Day after day we are fed with breathless stories, that we have a “housing crisis” such as the story below. And just like the story below there are no facts, no data. no proof whatsoever. It seems that some people want to make an election issue out of the “crisis” and will do so no matter what.
For 95% of the population there is no “crisis”. There is a problem for one specific type of buyer and that is the first home buyer and that has always been so.
The Labour Party and Greens promise to build 100,000 “affordable” houses at $300,000 each if they get into power. Is this really necessary?
At this very moment there are over 30,000 properties for sale on Trademe at under $300,000 and if bought would provide one third of the so called affordable houses in one fell swoop . No waiting, just walk right in and start living
For instance a few specific areas include Auckland where there are almost 3000 properties for sale on Trademe at under $300,000. In the Waikato and the Bay of Plenty another 3000. Hawkes bay has over 1000 and Wellington almost 2000. In Otago almost 3000, in Canterbury 3500, and Marlborough and Nelson another 1000.
Press the button on properties under $400,000 and the total available figure in Auckland alone leaps to almost 5000 and up to $500,000 well over 6000 properties available.
This is the time for reality to be explored and publicised not just emotional stories based on vague stories and guesswork. It’s a time to get serious about the subject and get the facts on the table. Only then can we really see if there is a crisis or not.

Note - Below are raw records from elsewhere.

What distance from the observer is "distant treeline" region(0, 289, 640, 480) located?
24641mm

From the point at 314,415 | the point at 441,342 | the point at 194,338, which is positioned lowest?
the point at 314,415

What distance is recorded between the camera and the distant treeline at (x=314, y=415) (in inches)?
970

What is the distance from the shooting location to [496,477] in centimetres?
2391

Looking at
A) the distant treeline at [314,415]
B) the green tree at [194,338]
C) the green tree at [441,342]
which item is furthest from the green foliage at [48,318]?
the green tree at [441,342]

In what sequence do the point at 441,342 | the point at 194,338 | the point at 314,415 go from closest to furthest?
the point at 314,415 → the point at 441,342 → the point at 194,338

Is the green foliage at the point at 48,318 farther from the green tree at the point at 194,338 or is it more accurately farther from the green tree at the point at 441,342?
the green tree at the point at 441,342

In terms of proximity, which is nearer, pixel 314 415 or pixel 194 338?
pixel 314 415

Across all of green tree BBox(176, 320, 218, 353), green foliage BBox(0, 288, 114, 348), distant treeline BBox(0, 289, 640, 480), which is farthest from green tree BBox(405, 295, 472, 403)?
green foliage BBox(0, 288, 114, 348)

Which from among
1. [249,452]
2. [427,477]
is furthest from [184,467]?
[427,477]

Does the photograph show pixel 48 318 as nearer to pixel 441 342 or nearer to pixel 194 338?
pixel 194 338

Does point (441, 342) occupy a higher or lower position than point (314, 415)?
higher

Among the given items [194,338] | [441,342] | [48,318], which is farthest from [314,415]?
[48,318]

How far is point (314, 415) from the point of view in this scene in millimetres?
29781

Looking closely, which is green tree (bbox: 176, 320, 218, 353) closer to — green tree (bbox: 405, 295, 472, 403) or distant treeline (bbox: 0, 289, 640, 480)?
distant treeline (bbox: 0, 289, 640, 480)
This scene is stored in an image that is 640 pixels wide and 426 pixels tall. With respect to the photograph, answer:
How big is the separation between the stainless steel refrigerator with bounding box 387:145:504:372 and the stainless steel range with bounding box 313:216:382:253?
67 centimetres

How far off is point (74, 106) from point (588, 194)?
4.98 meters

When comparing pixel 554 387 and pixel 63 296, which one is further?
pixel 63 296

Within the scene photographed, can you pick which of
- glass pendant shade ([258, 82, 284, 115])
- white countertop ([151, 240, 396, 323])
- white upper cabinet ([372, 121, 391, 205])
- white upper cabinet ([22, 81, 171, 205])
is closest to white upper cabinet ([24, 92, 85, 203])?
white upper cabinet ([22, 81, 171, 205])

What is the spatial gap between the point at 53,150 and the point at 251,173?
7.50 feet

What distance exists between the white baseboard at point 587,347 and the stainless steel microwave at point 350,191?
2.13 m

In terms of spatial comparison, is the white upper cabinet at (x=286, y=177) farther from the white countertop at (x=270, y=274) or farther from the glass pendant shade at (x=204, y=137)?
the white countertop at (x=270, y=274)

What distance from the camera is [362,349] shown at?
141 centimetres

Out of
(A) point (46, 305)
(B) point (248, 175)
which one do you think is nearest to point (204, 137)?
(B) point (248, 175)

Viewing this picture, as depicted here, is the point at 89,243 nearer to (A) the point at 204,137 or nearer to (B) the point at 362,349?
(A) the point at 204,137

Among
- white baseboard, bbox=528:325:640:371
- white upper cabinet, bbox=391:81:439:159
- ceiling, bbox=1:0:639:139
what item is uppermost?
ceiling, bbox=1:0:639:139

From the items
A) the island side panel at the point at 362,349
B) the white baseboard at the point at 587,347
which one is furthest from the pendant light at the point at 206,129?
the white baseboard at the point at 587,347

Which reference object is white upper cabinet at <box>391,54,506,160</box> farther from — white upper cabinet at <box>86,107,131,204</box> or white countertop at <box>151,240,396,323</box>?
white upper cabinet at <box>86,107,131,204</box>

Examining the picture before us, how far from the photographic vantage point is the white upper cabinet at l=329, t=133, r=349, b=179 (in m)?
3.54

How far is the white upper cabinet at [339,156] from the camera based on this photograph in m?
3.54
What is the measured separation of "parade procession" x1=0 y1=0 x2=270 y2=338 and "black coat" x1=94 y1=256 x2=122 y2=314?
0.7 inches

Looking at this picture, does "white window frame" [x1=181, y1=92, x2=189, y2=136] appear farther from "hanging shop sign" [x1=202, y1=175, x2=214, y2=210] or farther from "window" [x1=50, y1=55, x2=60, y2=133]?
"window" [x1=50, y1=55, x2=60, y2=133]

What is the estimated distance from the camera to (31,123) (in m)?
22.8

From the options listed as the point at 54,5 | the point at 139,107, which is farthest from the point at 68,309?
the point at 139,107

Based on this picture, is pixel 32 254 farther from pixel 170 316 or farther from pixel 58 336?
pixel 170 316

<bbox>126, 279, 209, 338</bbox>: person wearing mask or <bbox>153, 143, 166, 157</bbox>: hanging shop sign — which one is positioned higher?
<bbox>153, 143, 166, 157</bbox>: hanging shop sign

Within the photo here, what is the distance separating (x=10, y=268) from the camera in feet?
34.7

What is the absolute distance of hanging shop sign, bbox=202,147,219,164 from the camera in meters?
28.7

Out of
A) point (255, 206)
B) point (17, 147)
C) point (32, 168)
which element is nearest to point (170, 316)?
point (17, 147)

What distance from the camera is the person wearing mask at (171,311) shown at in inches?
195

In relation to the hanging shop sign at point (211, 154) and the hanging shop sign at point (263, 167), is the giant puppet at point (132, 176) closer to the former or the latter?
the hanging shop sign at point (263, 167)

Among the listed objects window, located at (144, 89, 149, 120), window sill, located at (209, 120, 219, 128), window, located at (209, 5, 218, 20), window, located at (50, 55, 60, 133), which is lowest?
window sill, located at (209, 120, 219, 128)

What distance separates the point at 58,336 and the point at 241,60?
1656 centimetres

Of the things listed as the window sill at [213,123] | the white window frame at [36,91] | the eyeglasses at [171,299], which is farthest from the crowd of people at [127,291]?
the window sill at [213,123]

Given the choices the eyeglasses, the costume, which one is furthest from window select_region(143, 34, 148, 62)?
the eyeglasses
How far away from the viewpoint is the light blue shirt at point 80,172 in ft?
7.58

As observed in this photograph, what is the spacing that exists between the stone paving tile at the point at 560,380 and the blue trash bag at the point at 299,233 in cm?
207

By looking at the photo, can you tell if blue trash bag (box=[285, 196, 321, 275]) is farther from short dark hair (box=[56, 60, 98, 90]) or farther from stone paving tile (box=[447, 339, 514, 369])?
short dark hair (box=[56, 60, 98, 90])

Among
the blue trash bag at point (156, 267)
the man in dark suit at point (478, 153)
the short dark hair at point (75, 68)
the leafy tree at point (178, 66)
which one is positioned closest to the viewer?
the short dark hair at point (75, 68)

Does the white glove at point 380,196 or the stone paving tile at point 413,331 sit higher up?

Exodus warning by house seekers
The Government should step in and do more to help New Zealanders into homes or else face an increasing exodus of people heading over the Tasman or further afield, say those struggling on the property ladder.

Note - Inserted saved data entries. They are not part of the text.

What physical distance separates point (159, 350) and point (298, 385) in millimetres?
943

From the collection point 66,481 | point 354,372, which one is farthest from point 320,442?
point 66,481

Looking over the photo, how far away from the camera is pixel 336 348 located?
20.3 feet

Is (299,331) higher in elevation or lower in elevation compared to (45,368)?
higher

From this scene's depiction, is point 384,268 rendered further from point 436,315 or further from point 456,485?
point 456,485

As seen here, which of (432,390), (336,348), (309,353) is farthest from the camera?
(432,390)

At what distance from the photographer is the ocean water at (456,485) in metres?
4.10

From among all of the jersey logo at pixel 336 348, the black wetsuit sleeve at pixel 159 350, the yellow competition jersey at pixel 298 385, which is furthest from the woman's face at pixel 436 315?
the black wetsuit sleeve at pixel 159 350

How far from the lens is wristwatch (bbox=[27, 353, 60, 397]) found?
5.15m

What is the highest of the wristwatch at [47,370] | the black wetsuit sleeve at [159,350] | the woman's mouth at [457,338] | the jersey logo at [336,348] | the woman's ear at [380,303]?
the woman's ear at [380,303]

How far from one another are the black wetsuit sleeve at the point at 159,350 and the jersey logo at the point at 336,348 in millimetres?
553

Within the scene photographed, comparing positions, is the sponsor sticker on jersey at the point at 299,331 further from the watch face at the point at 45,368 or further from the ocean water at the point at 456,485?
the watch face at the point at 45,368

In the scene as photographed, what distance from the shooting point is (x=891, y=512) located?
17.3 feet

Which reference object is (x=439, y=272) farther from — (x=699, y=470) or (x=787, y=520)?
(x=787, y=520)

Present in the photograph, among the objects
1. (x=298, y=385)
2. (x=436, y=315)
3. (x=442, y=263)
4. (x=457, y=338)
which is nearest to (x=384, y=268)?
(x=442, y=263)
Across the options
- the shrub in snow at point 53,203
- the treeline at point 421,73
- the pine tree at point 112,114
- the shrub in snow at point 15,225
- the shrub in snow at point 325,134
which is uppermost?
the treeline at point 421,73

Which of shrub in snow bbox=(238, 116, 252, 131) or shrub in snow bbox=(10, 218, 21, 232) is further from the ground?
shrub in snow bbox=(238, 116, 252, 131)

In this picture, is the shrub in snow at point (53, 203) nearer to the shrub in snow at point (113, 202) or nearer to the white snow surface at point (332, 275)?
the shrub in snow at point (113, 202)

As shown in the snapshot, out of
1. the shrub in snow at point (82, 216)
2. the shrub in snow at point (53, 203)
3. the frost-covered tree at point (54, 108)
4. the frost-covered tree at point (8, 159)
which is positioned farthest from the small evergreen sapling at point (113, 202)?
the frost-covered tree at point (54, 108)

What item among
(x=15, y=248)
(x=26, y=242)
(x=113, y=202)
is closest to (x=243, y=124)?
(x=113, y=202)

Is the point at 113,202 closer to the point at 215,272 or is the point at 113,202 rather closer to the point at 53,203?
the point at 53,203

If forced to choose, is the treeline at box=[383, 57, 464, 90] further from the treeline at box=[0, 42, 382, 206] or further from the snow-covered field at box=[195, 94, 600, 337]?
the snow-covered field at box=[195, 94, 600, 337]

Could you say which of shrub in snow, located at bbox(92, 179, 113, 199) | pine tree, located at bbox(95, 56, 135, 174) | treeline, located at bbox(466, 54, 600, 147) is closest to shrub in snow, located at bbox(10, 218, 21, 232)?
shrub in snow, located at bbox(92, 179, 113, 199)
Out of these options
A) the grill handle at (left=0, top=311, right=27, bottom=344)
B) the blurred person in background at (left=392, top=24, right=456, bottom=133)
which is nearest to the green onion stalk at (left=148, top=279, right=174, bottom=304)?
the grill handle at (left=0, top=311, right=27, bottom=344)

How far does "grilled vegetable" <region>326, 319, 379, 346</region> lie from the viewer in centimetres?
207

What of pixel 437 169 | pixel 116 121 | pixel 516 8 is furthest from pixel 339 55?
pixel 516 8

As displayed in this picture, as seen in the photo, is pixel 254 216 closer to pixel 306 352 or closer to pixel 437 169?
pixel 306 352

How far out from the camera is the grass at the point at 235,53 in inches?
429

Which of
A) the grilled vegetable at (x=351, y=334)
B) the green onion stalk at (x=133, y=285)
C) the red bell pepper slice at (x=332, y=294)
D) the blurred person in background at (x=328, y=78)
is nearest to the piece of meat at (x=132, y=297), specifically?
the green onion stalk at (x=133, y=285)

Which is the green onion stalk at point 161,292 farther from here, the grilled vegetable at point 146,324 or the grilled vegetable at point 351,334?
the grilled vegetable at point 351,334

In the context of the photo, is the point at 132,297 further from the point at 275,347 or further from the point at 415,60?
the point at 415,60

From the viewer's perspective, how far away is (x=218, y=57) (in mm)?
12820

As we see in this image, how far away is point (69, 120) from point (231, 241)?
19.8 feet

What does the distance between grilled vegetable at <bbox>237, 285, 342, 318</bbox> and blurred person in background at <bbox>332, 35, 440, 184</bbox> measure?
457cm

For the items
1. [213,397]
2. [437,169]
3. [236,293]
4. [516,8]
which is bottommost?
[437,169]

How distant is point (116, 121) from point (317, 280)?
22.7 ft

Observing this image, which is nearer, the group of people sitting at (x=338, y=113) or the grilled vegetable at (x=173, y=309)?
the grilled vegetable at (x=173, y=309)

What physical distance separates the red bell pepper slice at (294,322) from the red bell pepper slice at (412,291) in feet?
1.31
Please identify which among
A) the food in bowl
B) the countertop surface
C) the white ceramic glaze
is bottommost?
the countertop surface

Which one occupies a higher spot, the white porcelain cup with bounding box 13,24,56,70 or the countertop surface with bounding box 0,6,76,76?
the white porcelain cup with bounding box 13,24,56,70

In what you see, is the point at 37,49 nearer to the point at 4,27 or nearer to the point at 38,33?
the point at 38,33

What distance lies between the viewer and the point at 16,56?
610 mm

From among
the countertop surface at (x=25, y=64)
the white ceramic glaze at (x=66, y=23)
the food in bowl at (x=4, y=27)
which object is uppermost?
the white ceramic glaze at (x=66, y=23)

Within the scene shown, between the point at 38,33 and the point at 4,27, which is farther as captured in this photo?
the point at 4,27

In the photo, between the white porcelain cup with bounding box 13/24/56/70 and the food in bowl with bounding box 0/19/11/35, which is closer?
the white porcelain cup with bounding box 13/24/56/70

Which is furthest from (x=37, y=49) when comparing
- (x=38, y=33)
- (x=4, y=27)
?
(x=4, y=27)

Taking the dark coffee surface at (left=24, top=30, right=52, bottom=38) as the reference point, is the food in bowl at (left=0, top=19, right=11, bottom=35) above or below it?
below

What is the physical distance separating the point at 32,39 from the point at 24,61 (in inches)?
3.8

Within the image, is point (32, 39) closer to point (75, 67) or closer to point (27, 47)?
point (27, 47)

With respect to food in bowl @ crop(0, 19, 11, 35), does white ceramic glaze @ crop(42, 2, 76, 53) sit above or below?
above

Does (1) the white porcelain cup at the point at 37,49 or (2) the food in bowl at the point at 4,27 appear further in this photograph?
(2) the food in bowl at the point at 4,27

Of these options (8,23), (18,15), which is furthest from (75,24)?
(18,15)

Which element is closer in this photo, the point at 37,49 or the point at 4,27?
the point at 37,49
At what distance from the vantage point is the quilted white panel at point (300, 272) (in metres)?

Reserve Bank governor Graeme Wheeler last week held the official cash rate at 2.5 per cent but fired a warning shot at rising house prices.
Wheeler pointed out that house price inflation had increased, and said the central bank was keeping a close eye on that.
House prices rose 6.7 per cent last year, according to the Real Estate Institute’s Housing Price Index.
According to a Sunday Star-Times nationwide reader poll, 65 per cent of respondents said the “housing crisis” was a critical issue with 58 per cent that the Government should take steps to help people into home ownership.
“When I moved here from the United Kingdom I thought New Zealand was a better place to live,” said one respondent. “I was so wrong, people cannot afford to get on the housing ladder here and they need to be able to.”
Many said if New Zealand did not become more affordable people would continue to leave for Australia or the United Kingdom.
The sentiment largely centred around Auckland and Christchurch where up to 90 per cent believed the issue to be critical.